I have a large file called fulldataset
. I would like to write lines from fulldataset to a new file called newdataset. I only want to write the lines from fulldataset though that contain the id numbers present in the listfile. Also all the id numbers start with XY. The id numbers occur in the middle of each line though.
Here is an example line from list file:
Robert, Brown, "XY-12344343", 1929232, 324934923,
Here is the program I have so far. It runs fine, but doesn't write anything into the new file.
datafile = open('C:\\listfile.txt', 'r')
completedataset = open('C:\\fulldataset.txt', 'r')

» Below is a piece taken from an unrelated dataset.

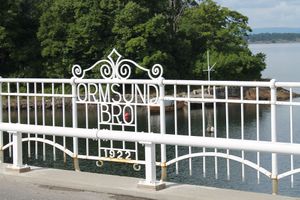 Ormsund bru navn og år på brua.JPG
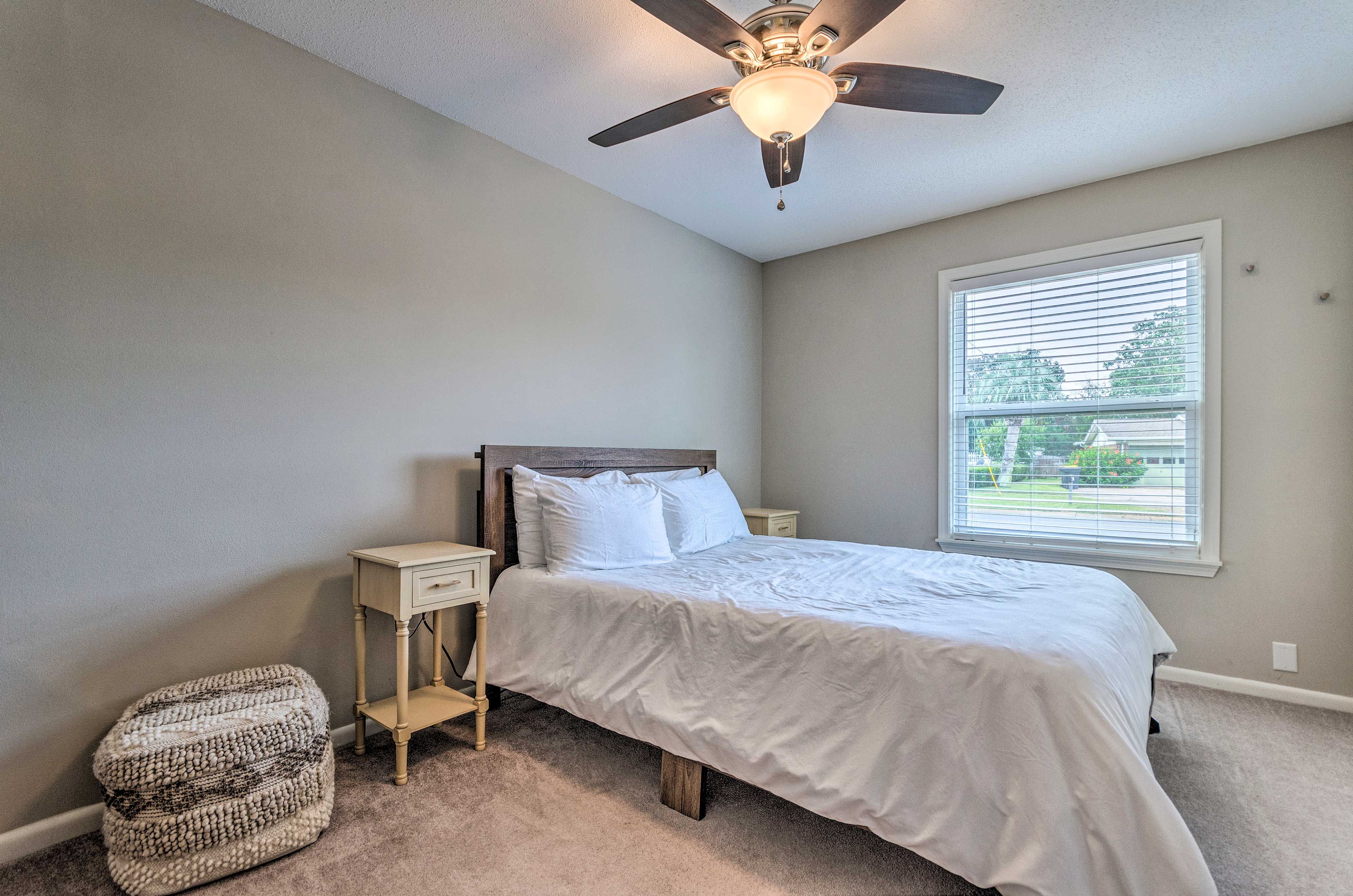 Bedroom 2 | Queen Bed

smallerdataset = open('C:\\newdataset.txt', 'w')
matchedLines = []
for line in datafile:
if line.find("XY"):
matchedLines.append( line )
counter = 1
for line in completedataset:
print counter
counter +=1
for t in matchedLines:
if t in line:
fulldataset.write(line)
del line
break
datafile.close()
completedataset.close()
fulldataset.close()
EDIT:
Ok here is the new program:
datafile = open('C:\\tryexcel33.txt', 'r')
completedataset = open('C:\\fulldataset.txt', 'r')
smallerdataset = open('C:\\newdataset.txt', 'w')
counter = 1
for line in completedataset:
print counter
counter +=1
if any( id in line for id in datafile ):
smallerdataset.write( line )
break
datafile.close()
completedataset.close()
fulldataset.close()
I still don't have anything being written to the new file. I think a problem might be that in the full file the id numbers have a " in front of them but this doesn't exist in the listfile. Any thoughts?